Scripting languages are tools for tying APIs together, not building complex systems

June 8, 2022

There are two general categories of programming languages: compiled, and interpreted.



A program written in a compiled language must first be converted into native machine code to run. This step is called compilation.



A program written in an interpreted language does not need to be converted into native code. The interpreter parses the program and executes it in real-time. It is possible to use the interpreter interactively as a calculator or debugger.



In some cases, the interpreter may store the program in the form of intermediate code in memory and compile parts of it into native code in-real-time in a process called Just-in-time Compilation.



The interpreter may save the intermediate bytecode for faster loading times during future execution as an optimization. Python, for example, saves *.pyc files with compiled bytecode of the imported modules. 



Similarly, though technically a compiled language, Java produces *.class files with bytecode. Java is not a strictly interpreted language and is outside of this post's scope.



An interpreted language is typically a higher-level language. It may explicitly represent data structures, such as lists, tuples, and dictionaries (maps). It may also have higher-level abstractions over algorithms. It does not have to be loosely typed, though most interpreted languages are.

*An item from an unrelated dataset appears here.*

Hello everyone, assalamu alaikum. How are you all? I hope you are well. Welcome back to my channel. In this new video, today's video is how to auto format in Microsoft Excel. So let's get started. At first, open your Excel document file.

Under most circumstances, a program written in an interpreted language is slower than compiled. However, program performance needs to be balanced against developer productivity. The very purpose of an interpreted language is to hide complex algorithms from the developer and make programs available to run immediately after every change. A program being executed is in the same language that it is written in.

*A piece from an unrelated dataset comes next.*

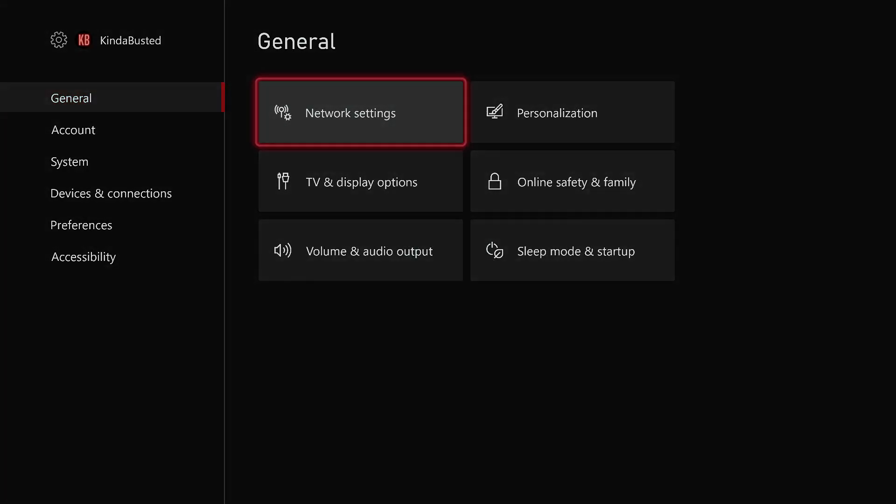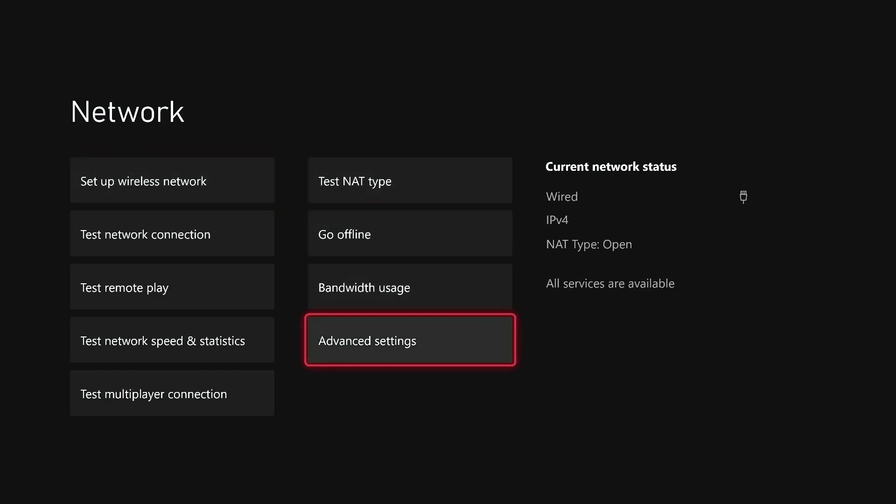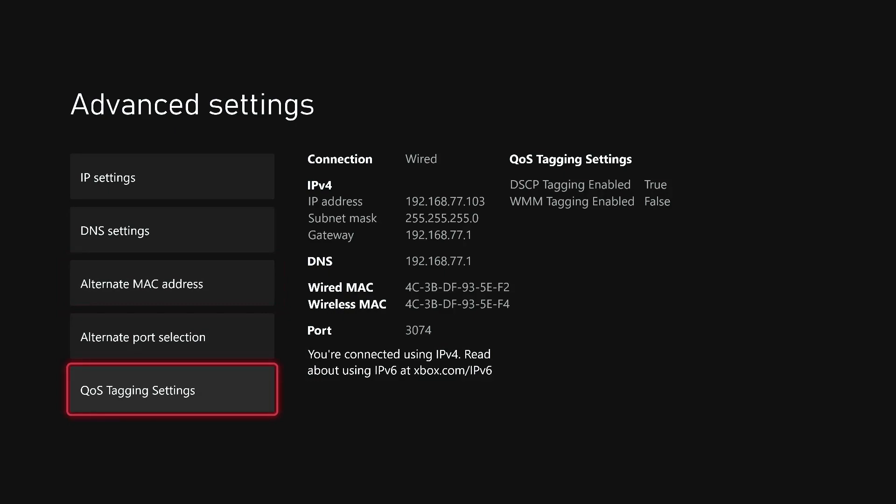Then General, then Network Settings, then over and down to Advanced Settings, and then all the way down to QoS Tagging Settings.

To paraphrase Mel Conway, an interpreted language is an application language, not algorithm (aka platform ) language. Interpreted languages are best used as a "glue" that ties algorithms and APIs together — not to implement algorithms.



There is a reason why many modern interpreted languages are also referred to as "scripting." Scripting is automating existing APIs and algorithms and combining them into new APIs and algorithms. Scripting is about controlling or orchestrating existing tools, APIs, and algorithms.

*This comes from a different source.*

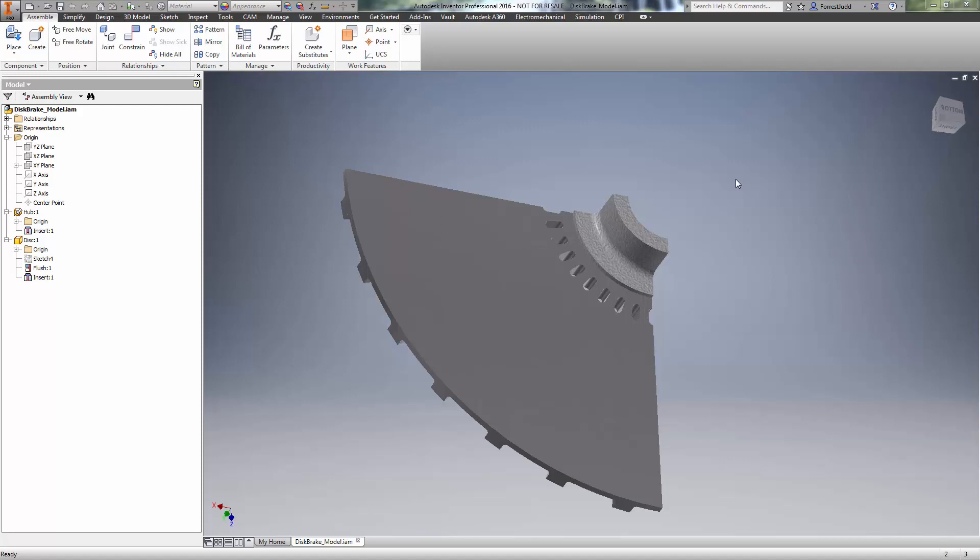Hi, this is Forrest Judd from Hagerman and Company. Today I'm going to show you how to create a transient thermal analysis in Autodesk Simulation Mechanical, along with a coupled thermal stress analysis.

A reader may rightfully ask, "Oleg, what are you getting at?"



What makes me think of these things early in the mornings is the proliferation of JavaScript as an enterprise application language. I believe using JS as a hammer to solve every problem will hound enterprise IT for decades.



JavaScript is an interpreted scripting language. It's a tool for tying things together — DOM objects on a web page and APIs.



I love JavaScript as a tool for quickly building simple apps that tie cloud APIs together.



I'm not too fond of JavaScript for the religion it cultivates among its fans who are in denial about its limitations and feel the need to use it to solve every problem, however inappropriate it might be for the task.